> _EXERCISE DIRECTIONS_:
Give the records again in full, exactly as they appear, but without the pictures.

START SUPPLIED MATERIAL

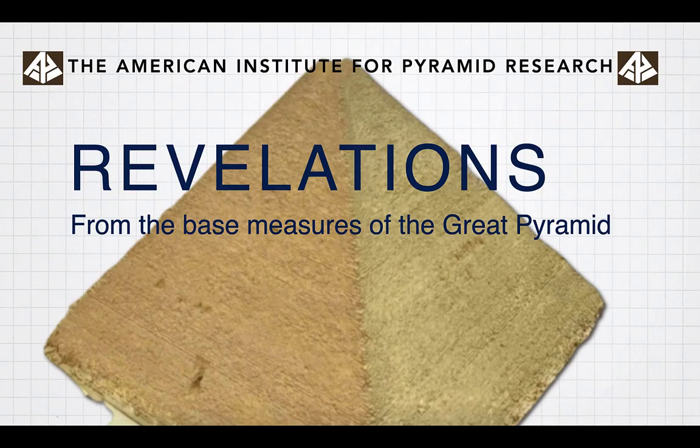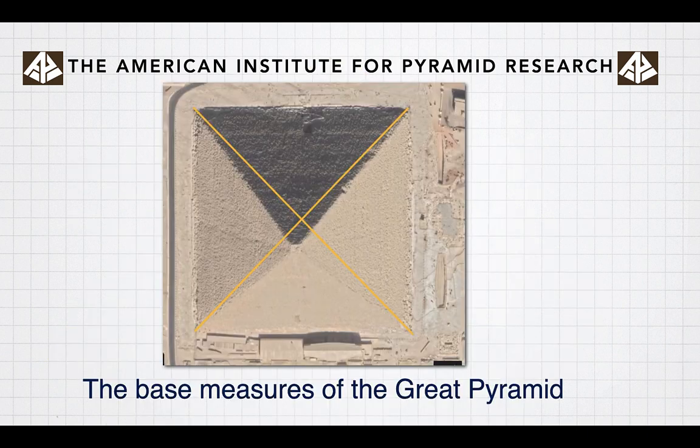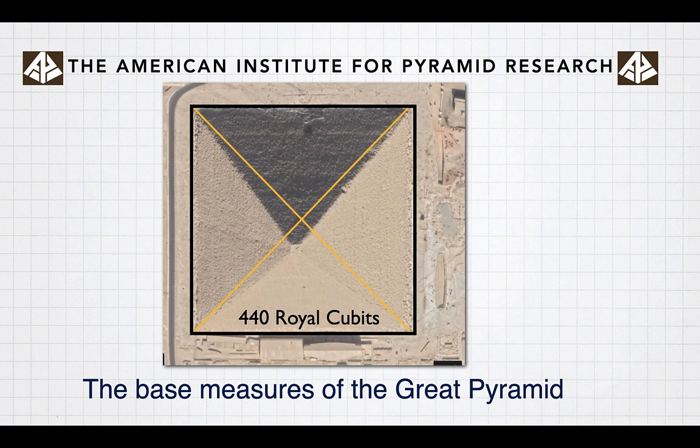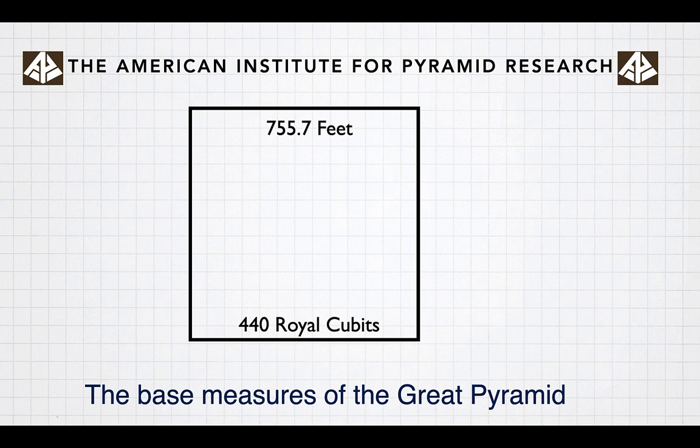The Great Pyramid never ceases to keep giving. Some revelations from the base measures of the Great Pyramid. I often put an X over the corners of the pyramid when I'm working with it because satellite views aren't always directly from on top. The base measures of the Great Pyramid — if we look at its perimeter — 440 royal cubits per side, or Sir Flinders Petrie's average of 755.7 feet. Those are the dimensions of the base of the Great Pyramid.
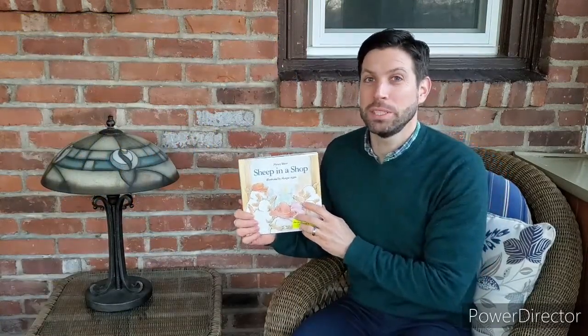And that was Sheep in a Shop by Nancy Shaw. I hope you enjoyed that story and I hope to see you again next time on Sunroom Storytime. Thank you, everyone. Bye-bye.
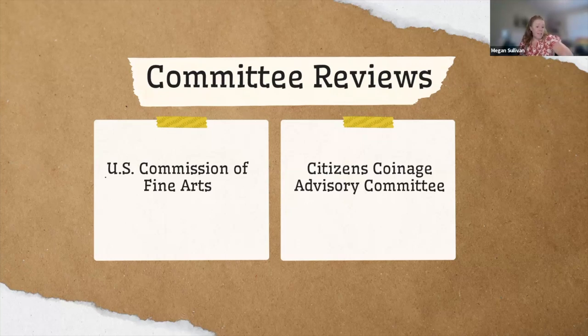The CCAC was established in 2003 and has 11 members who serve four-year terms: four specially qualified in sculpture, medallic arts, numismatics, and American history; four members recommended by the leaders of the House and Senate; and three members of the general public. You can watch their meetings live-streamed on the Mint's YouTube page, or go back and watch old meetings.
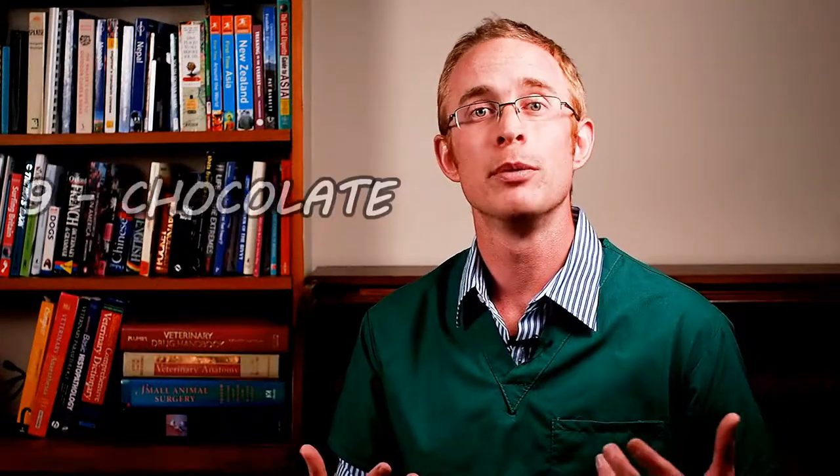Number nine is chocolate poisoning, which most of you will be well aware of. If not, or if you want to learn more, check out my video all about chocolate poisoning in dogs and cats, where you'll learn what chocolate is most poisonous and how much your dog needs to eat to be toxic.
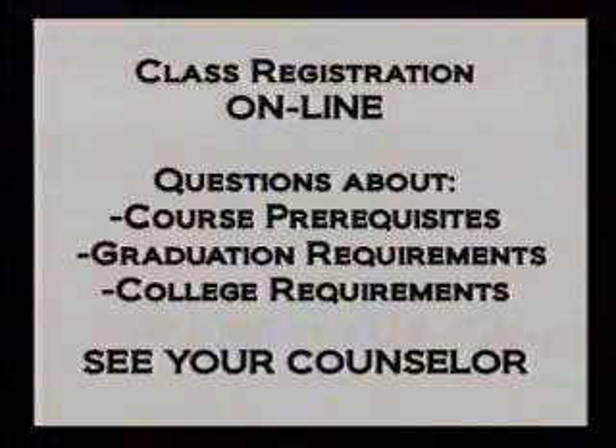When completing your registration worksheet, keep in mind there may be prerequisites that must be completed in order to take a specific course. If you have questions regarding course prerequisites, graduation, or college admission requirements, please meet with your guidance counselor.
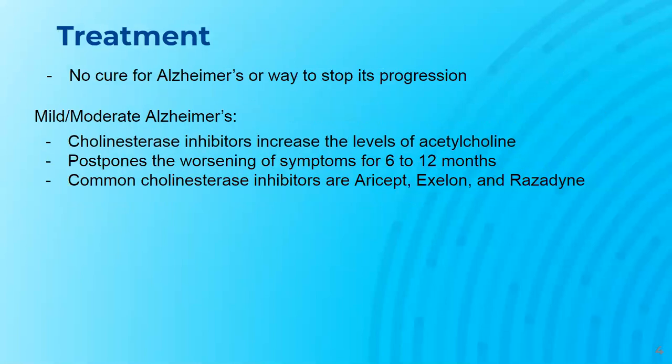There is currently no way to cure or stop the progression of Alzheimer's. There are medication and non-drug approaches that can be used to help improve symptoms. Mild or moderate Alzheimer's is usually treated with cholinesterase inhibitors, which increase the levels of acetylcholine in the brain. Acetylcholine plays a key role in memory and learning. These inhibitors help postpone symptoms from worsening for 6 to 12 months. Some of the common cholinesterase inhibitors include Aricept, Exelon, and Residine.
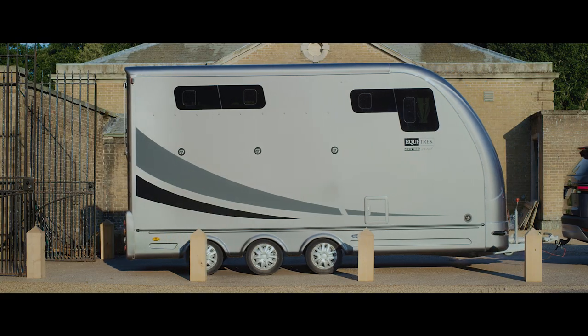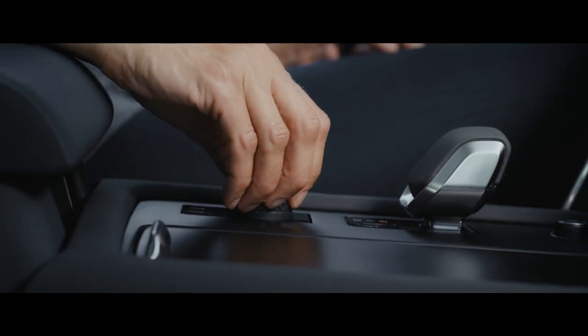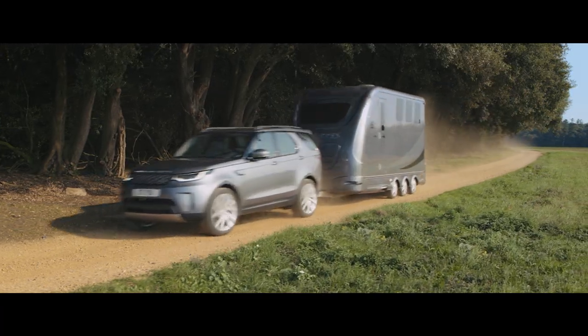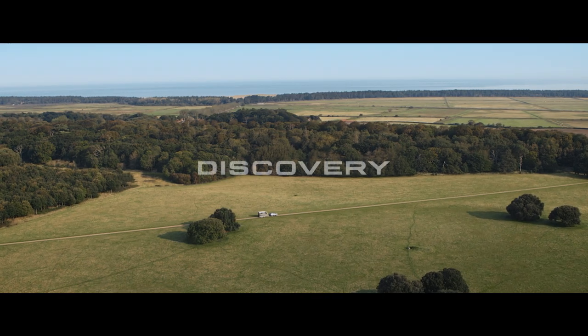This includes autosteer, thanks to the optional Advanced Tow Assist feature. You can transport anything from trailers and horse boxes to caravans with confidence. And after you've enjoyed the ride, you can all go home in comfort.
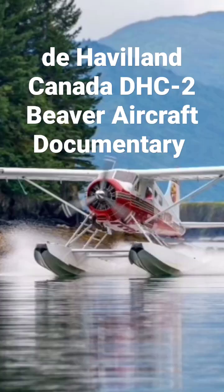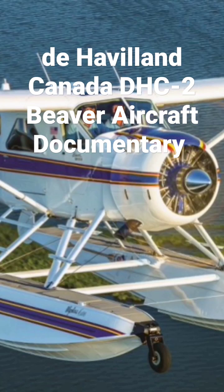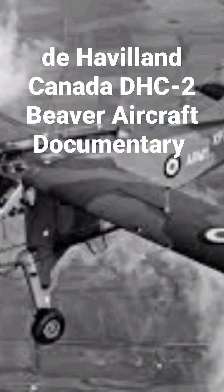Shortly after the end of the Second World War, DeHavilland Canada decided to orient itself towards civilian operators. Based on feedback from pilots, the company decided that the envisioned aircraft should have excellent STOL performance, all-metal construction, and accommodate many features sought by the operator.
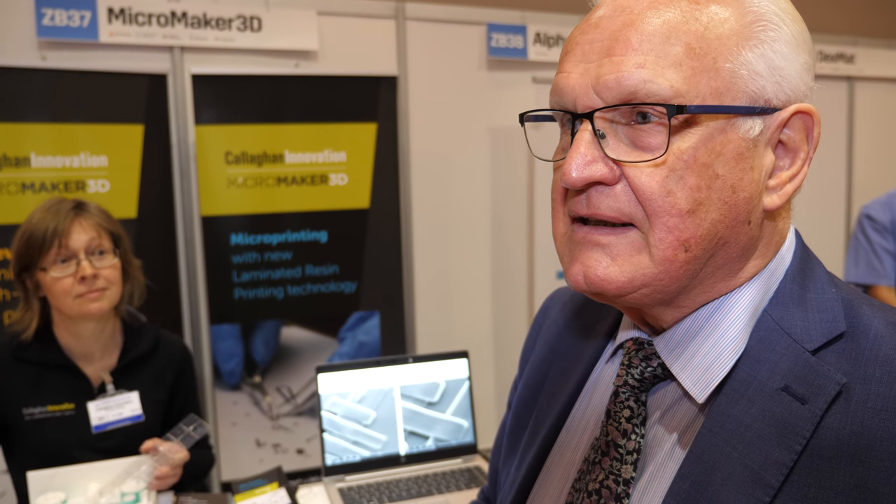Hello, my name is Peter Harrop. I'm chairman of IDTechX, and you watchers and listeners probably know me anyway. We're at the big event, the IDTechX show, interviewing people. And although this is a 3D printing company — a very unusual one — we're seeing at this show enormous interest now in what is moving from components in a box, 1900 technology, to structural electronics.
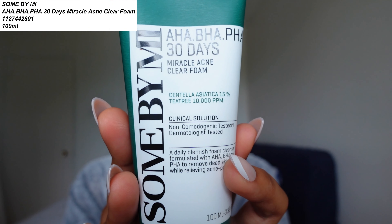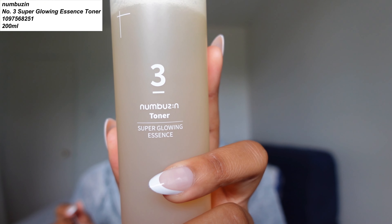I just want to share my current morning skincare routine. I use the Some By Me AHA BHA PHA acne foam cleanser, and this is the actual toner I'm currently using and testing — the Numbuzin No. 3 Super Glowing Essence Toner. I've been testing this new skincare routine for the past two weeks. After the Some By Me cleanser, I use the Numbuzin toner.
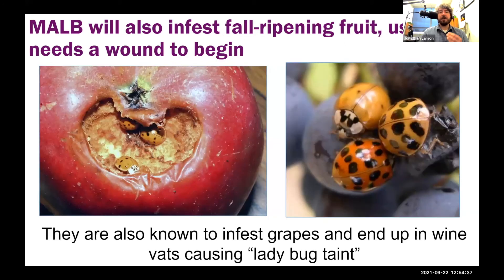They also infest fall-ripening fruit. In orchards you might notice them inside wounded apples or in blueberries. More importantly, they're a problem with grapes — hiding in grape husks or bunches. If they get thrown into a vat for wine production, they die and that foul, bitter compound leaks out into the wine. It doesn't take very many of them to spoil the wine — what you end up with has been described as 'ladybug taint,' which is bitter and not at all what you want in your bouquet.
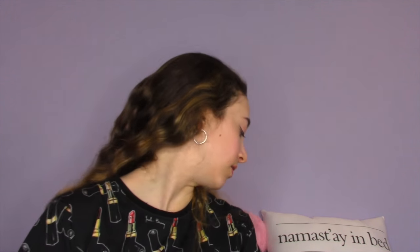Hey Sassy Squad, it's Sasha. Today I'm going to be telling you what I am loving so far this month. I have a lot of makeup products and I'm very excited to share my favorite makeup products. I also have something very special to show you, so without further ado let's get into the video.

END SUPPLIED MATERIAL

> _ANSWER BELOW_:
The Great Pyramid never ceases to keep giving. Some revelations from the base measures of the Great Pyramid. I often put an X over the corners of the pyramid when I'm working with it because satellite views aren't always directly from on top. The base measures of the Great Pyramid — if we look at its perimeter — 440 royal cubits per side, or Sir Flinders Petrie's average of 755.7 feet. Those are the dimensions of the base of the Great Pyramid.
And that was Sheep in a Shop by Nancy Shaw. I hope you enjoyed that story and I hope to see you again next time on Sunroom Storytime. Thank you, everyone. Bye-bye.
The CCAC was established in 2003 and has 11 members who serve four-year terms: four specially qualified in sculpture, medallic arts, numismatics, and American history; four members recommended by the leaders of the House and Senate; and three members of the general public. You can watch their meetings live-streamed on the Mint's YouTube page, or go back and watch old meetings.
Number nine is chocolate poisoning, which most of you will be well aware of. If not, or if you want to learn more, check out my video all about chocolate poisoning in dogs and cats, where you'll learn what chocolate is most poisonous and how much your dog needs to eat to be toxic.
When completing your registration worksheet, keep in mind there may be prerequisites that must be completed in order to take a specific course. If you have questions regarding course prerequisites, graduation, or college admission requirements, please meet with your guidance counselor.
There is currently no way to cure or stop the progression of Alzheimer's. There are medication and non-drug approaches that can be used to help improve symptoms. Mild or moderate Alzheimer's is usually treated with cholinesterase inhibitors, which increase the levels of acetylcholine in the brain. Acetylcholine plays a key role in memory and learning. These inhibitors help postpone symptoms from worsening for 6 to 12 months. Some of the common cholinesterase inhibitors include Aricept, Exelon, and Residine.
This includes autosteer, thanks to the optional Advanced Tow Assist feature. You can transport anything from trailers and horse boxes to caravans with confidence. And after you've enjoyed the ride, you can all go home in comfort.
Shortly after the end of the Second World War, DeHavilland Canada decided to orient itself towards civilian operators. Based on feedback from pilots, the company decided that the envisioned aircraft should have excellent STOL performance, all-metal construction, and accommodate many features sought by the operator.
Hello, my name is Peter Harrop. I'm chairman of IDTechX, and you watchers and listeners probably know me anyway. We're at the big event, the IDTechX show, interviewing people. And although this is a 3D printing company — a very unusual one — we're seeing at this show enormous interest now in what is moving from components in a box, 1900 technology, to structural electronics.
I just want to share my current morning skincare routine. I use the Some By Me AHA BHA PHA acne foam cleanser, and this is the actual toner I'm currently using and testing — the Numbuzin No. 3 Super Glowing Essence Toner. I've been testing this new skincare routine for the past two weeks. After the Some By Me cleanser, I use the Numbuzin toner.
They also infest fall-ripening fruit. In orchards you might notice them inside wounded apples or in blueberries. More importantly, they're a problem with grapes — hiding in grape husks or bunches. If they get thrown into a vat for wine production, they die and that foul, bitter compound leaks out into the wine. It doesn't take very many of them to spoil the wine — what you end up with has been described as 'ladybug taint,' which is bitter and not at all what you want in your bouquet.
Hey Sassy Squad, it's Sasha. Today I'm going to be telling you what I am loving so far this month. I have a lot of makeup products and I'm very excited to share my favorite makeup products. I also have something very special to show you, so without further ado let's get into the video.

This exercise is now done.